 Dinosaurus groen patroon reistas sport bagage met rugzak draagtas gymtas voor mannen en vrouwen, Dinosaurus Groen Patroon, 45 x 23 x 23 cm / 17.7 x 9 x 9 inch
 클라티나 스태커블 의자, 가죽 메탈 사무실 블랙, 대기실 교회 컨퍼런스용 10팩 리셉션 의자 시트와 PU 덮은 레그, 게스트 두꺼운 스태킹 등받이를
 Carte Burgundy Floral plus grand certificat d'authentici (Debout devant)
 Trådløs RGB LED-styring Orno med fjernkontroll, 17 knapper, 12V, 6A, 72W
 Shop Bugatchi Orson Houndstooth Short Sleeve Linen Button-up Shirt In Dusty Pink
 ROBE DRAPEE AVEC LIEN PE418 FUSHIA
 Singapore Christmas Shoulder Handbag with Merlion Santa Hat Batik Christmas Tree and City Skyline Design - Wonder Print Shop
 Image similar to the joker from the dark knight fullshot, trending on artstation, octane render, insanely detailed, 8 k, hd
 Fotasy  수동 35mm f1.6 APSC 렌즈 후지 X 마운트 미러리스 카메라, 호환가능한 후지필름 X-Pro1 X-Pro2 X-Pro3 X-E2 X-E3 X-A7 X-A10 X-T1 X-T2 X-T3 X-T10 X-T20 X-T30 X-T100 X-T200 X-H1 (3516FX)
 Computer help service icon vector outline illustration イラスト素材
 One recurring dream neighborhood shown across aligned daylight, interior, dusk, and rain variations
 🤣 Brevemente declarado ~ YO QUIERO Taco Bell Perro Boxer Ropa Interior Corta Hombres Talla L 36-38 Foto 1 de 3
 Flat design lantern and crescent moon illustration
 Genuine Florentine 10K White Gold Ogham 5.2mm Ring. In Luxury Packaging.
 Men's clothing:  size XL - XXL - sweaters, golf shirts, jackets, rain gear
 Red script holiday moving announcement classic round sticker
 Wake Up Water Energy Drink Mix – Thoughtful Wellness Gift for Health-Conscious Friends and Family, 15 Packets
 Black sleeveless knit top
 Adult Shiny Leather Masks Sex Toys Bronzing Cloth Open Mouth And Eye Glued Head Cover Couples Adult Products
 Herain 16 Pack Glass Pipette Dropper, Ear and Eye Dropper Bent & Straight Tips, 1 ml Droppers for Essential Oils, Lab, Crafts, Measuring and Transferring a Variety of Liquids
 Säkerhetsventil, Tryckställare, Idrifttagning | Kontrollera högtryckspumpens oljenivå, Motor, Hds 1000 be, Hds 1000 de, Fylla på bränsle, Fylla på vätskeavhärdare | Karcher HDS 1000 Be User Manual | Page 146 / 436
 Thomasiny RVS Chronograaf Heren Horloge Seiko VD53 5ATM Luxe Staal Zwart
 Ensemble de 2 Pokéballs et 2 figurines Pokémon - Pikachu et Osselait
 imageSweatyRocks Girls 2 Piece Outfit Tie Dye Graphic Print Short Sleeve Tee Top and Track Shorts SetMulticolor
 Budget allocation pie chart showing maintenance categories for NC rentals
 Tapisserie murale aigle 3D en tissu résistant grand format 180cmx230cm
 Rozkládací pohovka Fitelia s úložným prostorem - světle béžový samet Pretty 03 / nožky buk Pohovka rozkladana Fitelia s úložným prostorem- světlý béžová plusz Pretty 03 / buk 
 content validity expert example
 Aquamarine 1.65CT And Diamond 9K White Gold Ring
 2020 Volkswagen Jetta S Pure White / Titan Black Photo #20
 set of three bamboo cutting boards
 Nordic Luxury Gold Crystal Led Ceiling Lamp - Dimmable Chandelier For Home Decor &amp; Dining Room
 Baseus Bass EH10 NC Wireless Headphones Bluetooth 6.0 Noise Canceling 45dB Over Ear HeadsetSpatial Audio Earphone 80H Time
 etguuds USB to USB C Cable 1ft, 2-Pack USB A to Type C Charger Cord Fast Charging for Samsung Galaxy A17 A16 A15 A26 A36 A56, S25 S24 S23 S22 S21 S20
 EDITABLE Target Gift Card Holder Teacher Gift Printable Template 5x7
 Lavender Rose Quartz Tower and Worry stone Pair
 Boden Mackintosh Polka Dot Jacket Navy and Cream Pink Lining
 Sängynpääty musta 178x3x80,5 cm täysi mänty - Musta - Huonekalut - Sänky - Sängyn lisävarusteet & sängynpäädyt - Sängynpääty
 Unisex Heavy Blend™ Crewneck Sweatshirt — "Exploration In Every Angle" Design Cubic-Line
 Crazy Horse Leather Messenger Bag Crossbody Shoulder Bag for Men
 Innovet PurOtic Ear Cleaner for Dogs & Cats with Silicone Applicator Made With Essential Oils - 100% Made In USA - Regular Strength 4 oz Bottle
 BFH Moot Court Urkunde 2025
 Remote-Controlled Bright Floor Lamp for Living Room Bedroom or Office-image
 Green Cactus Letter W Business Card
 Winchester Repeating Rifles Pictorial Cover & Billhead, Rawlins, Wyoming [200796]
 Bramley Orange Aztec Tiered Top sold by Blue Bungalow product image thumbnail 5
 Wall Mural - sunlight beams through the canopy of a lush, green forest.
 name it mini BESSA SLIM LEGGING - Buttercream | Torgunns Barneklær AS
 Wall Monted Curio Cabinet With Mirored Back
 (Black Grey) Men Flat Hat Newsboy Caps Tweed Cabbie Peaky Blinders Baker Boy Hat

------------------------------------------------

* _What is required_:
All lines above between those holding "Image similar to" and "Genuine Florentine 10K", inclusive, must be set down unchanged, and no other line may be included.

* _Result for this exercise_:
 Image similar to the joker from the dark knight fullshot, trending on artstation, octane render, insanely detailed, 8 k, hd
 Fotasy  수동 35mm f1.6 APSC 렌즈 후지 X 마운트 미러리스 카메라, 호환가능한 후지필름 X-Pro1 X-Pro2 X-Pro3 X-E2 X-E3 X-A7 X-A10 X-T1 X-T2 X-T3 X-T10 X-T20 X-T30 X-T100 X-T200 X-H1 (3516FX)
 Computer help service icon vector outline illustration イラスト素材
 One recurring dream neighborhood shown across aligned daylight, interior, dusk, and rain variations
 🤣 Brevemente declarado ~ YO QUIERO Taco Bell Perro Boxer Ropa Interior Corta Hombres Talla L 36-38 Foto 1 de 3
 Flat design lantern and crescent moon illustration
 Genuine Florentine 10K White Gold Ogham 5.2mm Ring. In Luxury Packaging.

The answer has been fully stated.